LLMD reconfirmed suspicion of Lyme and Bartonella from Igenex results and symptoms. He was the most logical, organized(didn't rush us) and informative Dr. we have seen since PANDAS symptoms started. He kept kids on Augmentin and Zithromax and switched out Bactrim (fam dr. started kids on last Sat. but by Mon. allergic sulfur reaction happened in both) for Rifampin. He also Rx'd Bicillin shot 1x/month...anyone know cheapest pharm to get them? CVS said Blue Cross won't cover it for us. We didn't have the latest tests back but had some faxed over. All 3 of our vit.
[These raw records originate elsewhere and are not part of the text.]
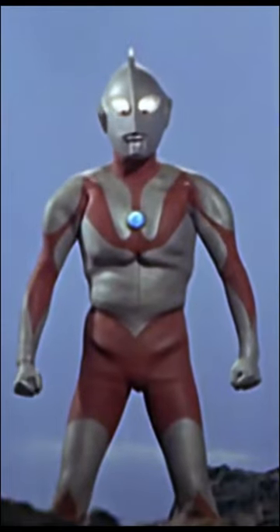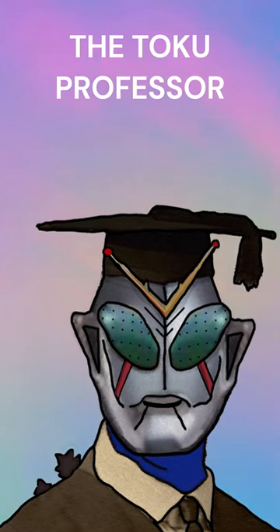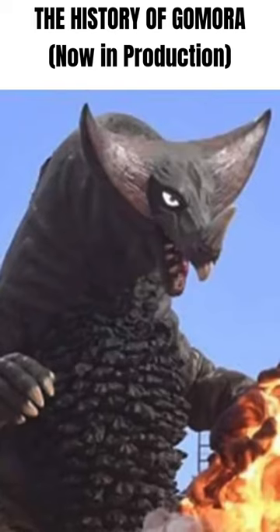Ever wonder how the original Ultraman reverts back to Shin Hayata after taking off into the sky? I ran across the answer while doing research for my History of Gamora video.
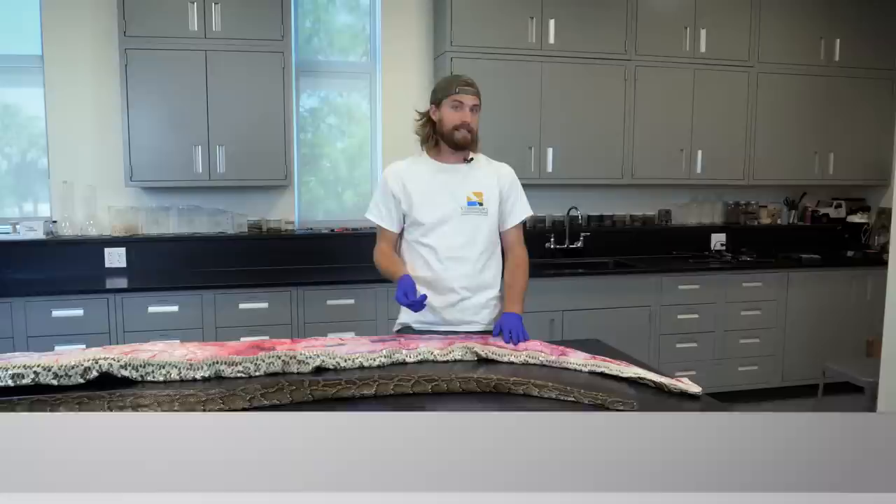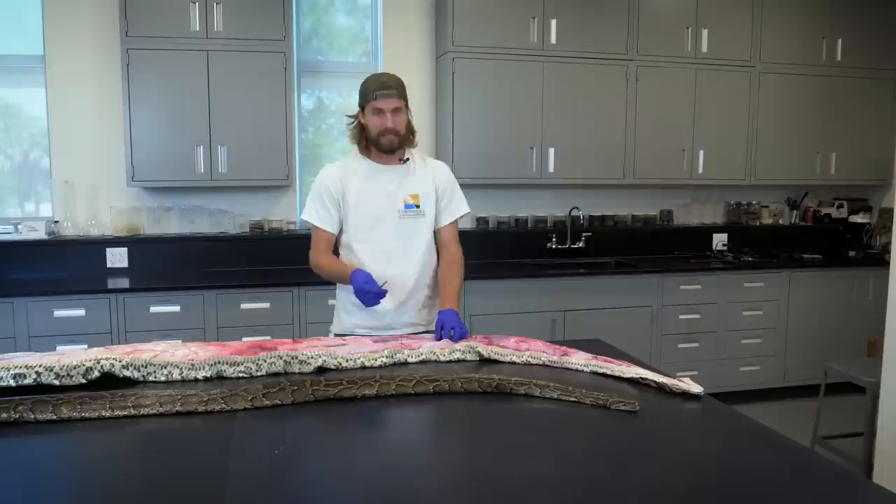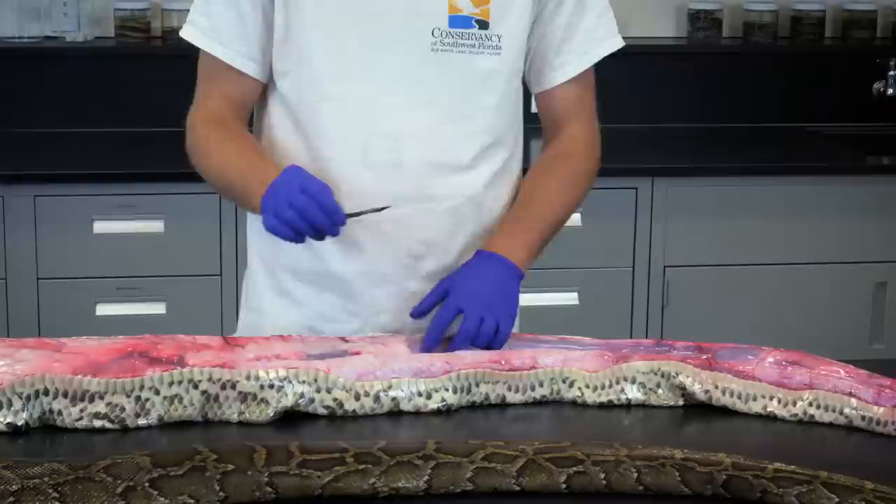Now that we have the snake cut open, the first thing I'm going to do is take a look at the internal organs up here at the top. I have the heart, I have the liver, and I also have the lungs. What I'm going to look for in the lungs is actually a parasitic crustacean that sucks the blood out of the lungs.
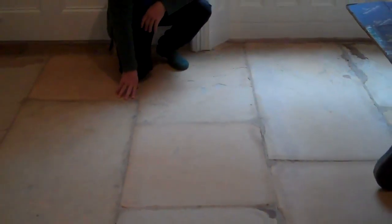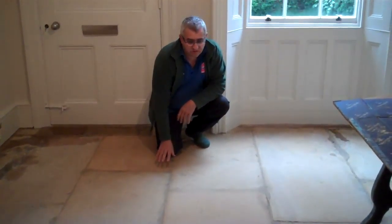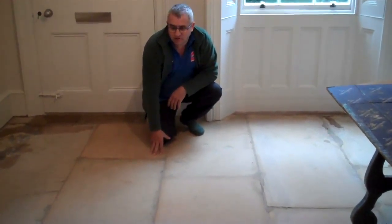By the way, this is a sandstone floor — not a new sandstone floor. We're going to seal this with the mud finish. It's a very old floor, well over 200 years old.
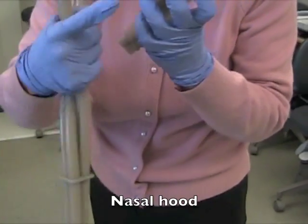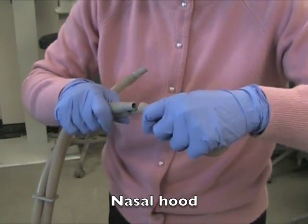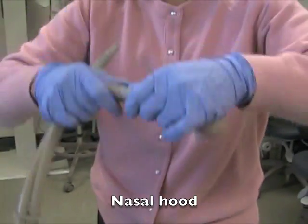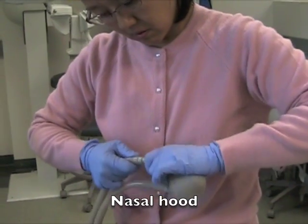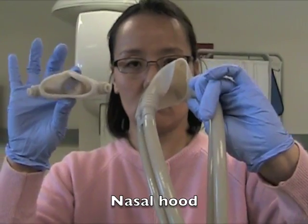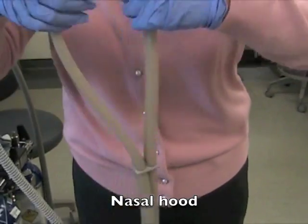This is how to connect the nasal hood to the hoses. The bigger hole goes to the bigger tube; the smaller hole goes to the smaller tube. The nasal hood is two layers — the inner mask must be placed correctly.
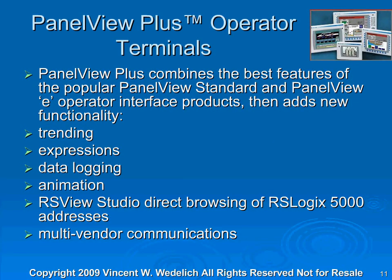The PanelView Plus Operator Terminals combine the best features of the popular PanelView standard screens and the PanelView eOperator interface products, and adds new functionality. With these PanelView Plus screens you can do trending, expressions, dialoguing, animation. You can use FactoryTalk View Studio Direct, browsing of Logix 5000 addresses, and multi-vendor communication. The PanelView Plus screen is an actual CE Windows computer, and it's extremely powerful.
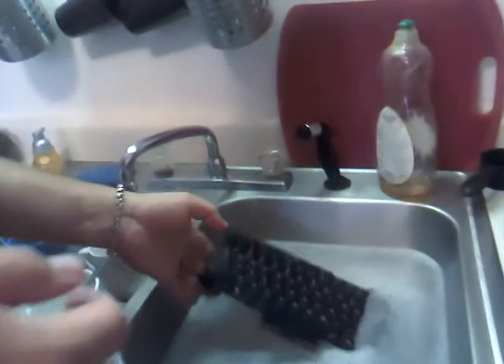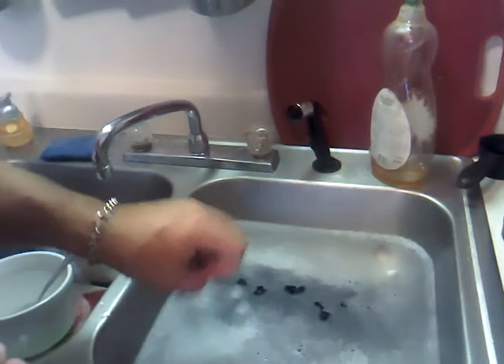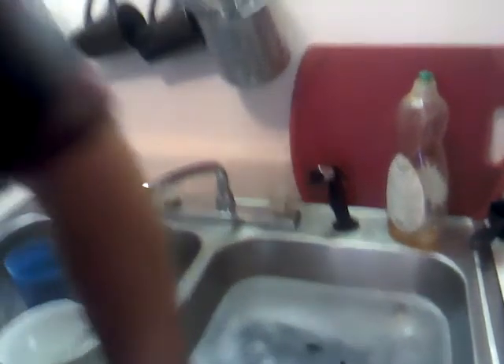So here we go. I can't believe I'm doing this. All right, into the water. It's supposed to sit there for 30 minutes, then we're supposed to pull it out and let it dry for an entire day.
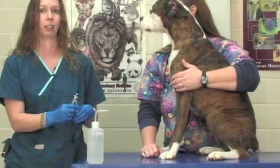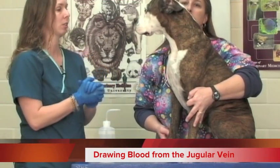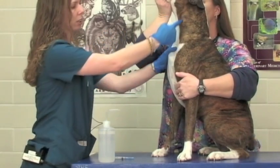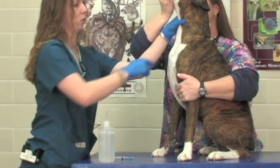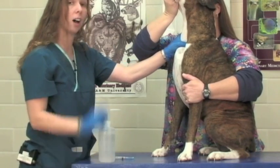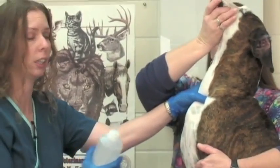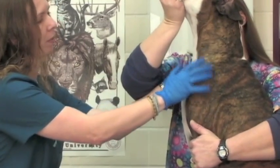That is the basic procedure for any blood draw from any vessel. The same would be true for a back leg — the only difference would be the manner in which we restrain our patient. Now we're going to demonstrate the procedure for drawing blood from a jugular vein. Your restrainer should gently lift the patient's head up. The jugular vein runs from here to the thoracic inlet on the chest. Place your thumb perpendicular to the vein and slide it down into the thoracic inlet, pushing in and up slightly, and the jugular vein will rise so you can palpate it. Use alcohol to lay down the fur for better visualization.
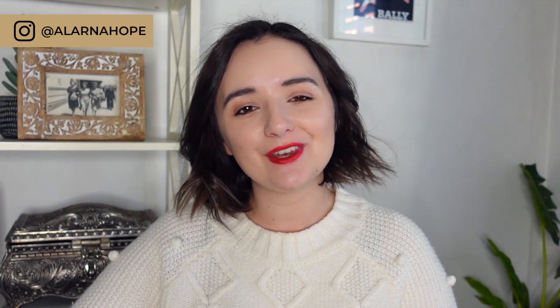Hi everyone and welcome back to my channel. In this week's video we're talking how to style the midi dress for winter and early spring.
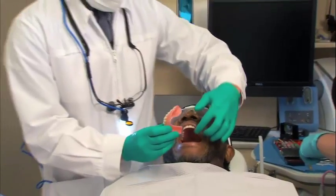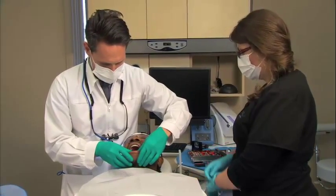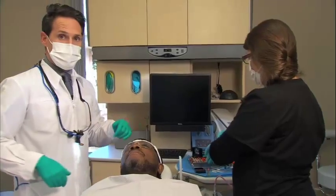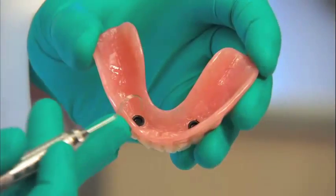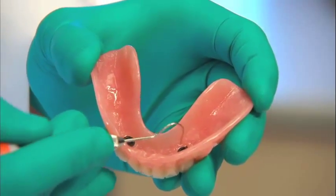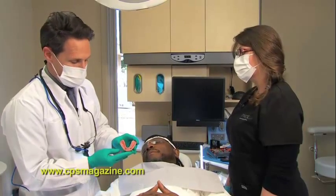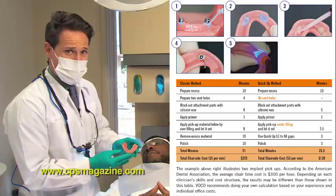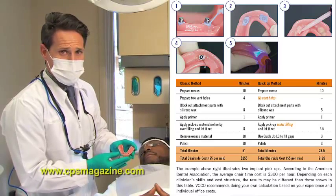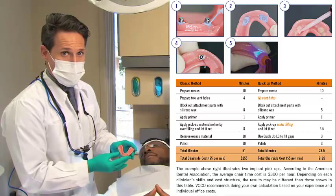I'm going to have Byron open, then seat the denture and have him close with light pressure at about fifty percent. Roberta is going to start the timer for two and a half minutes and we're going to let that sit. This looks great — using the QuickUp self-curing composite material we have very few voids. We still need to replace these black nylon housings with the locator housings. I completed this whole process in about seven or eight minutes, which saves time over competitor products — not having to drill vent holes and being able to do two attachments at once really saved time.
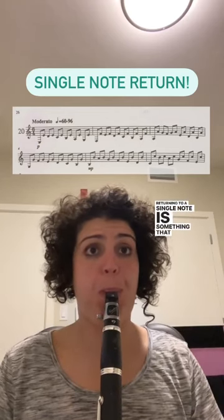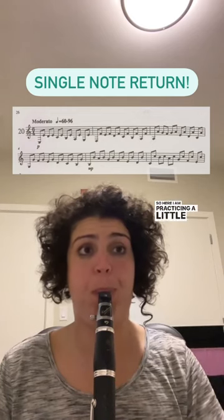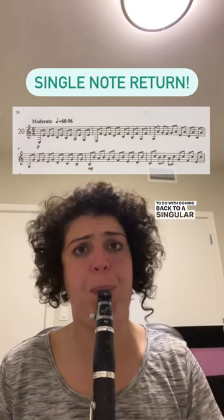Returning to a single note is something that I have always found to be challenging. So here I am practicing a little etude — an exercise that has to do with coming back to a singular note.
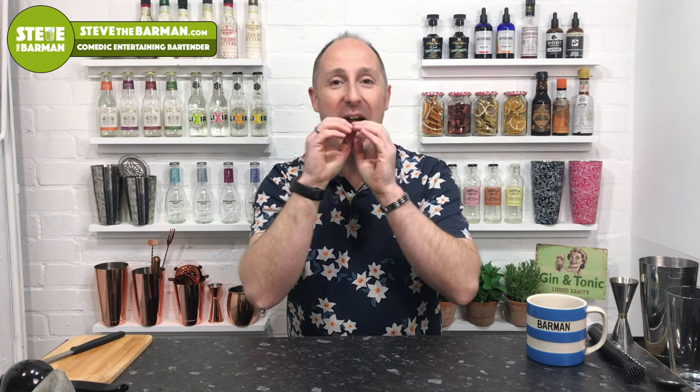Coming up in this video, I'm gonna show you how to make a bramble. A bramble is a very simple cocktail — gin, lemon, sugar, and a bit of blackberry. It's just such a lovely, refreshing drink, especially when it gets a bit sunny outside. Most cocktail bars will have it on their menu up and down the country, so if you wanna know how to make it, then stay tuned.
D levels are LOW! He wants us on 5000 units of Vit D3, tons of probioitcs (which the kids have been on), added in Diflucan for yeast and help w/ Lyme...loved that he explained it all so well, wants a metal toxicity test done...hair test for kids...urine test next time for me b/c I have highlighted hair...IV nurse was gone for day or he would have done it on the spot...injected me w/ metal binder and then tested urine for next 12 hrs.

 

My Quest WB was neg...surprise surprise. He listened to my symptoms and scolded me gently for getting a flu shot. I explained how immunologist said I needed to be healthy for my kids. I have had symptoms that could point to Lyme but man since that vaccine 3 wks ago, I have major joint/deep bone pain, sole of foor pain and the brain fog. He said he wanted me to redo the CD 57 thru Lab Corp...did it thru Quest and not the right test. Also wanted me to get Vit. B level checked. BUT he Rx'd Doxycycline for me. He had me fill out a form on symptoms last night when I got home. After a month of abx, he wants me to fill it out again. It's a neat chart that scores your symptoms and divides them into Borrelia, Bartonella and Babesia. My Babesia symptoms are minimal to non existent...Borrelia and Bartonella score high as suspected. I went to Lab Corp today to get blood work and then went to pharmacy to explain the need for new meds. I always feel like a drug dealer for my kids and like I need to justify to the pharmacy why I need the meds! Isn't that crazy! But 3 abx's and 1 abx shot and Diflucan and Oh, by the way, "Guess what pharmacist?! I now need treatment!" The staff was very nice. We've gotten to know each other quite well since May! At least when I say Lyme I don't get the same weird look I always got from PANDAS.

 

Speaking of PANDAS...I've heard conflicting reports. Kids' Cunningham tests are positive so I heard from a VERY reputable ped. LLMD on a ph. conversation to continue IVIg if Cunningham tests are positive. Dr. yesterday wasn't gung ho over idea. Any advice? We're scheduled for IVIg #2 in a 2 wks. Any advice?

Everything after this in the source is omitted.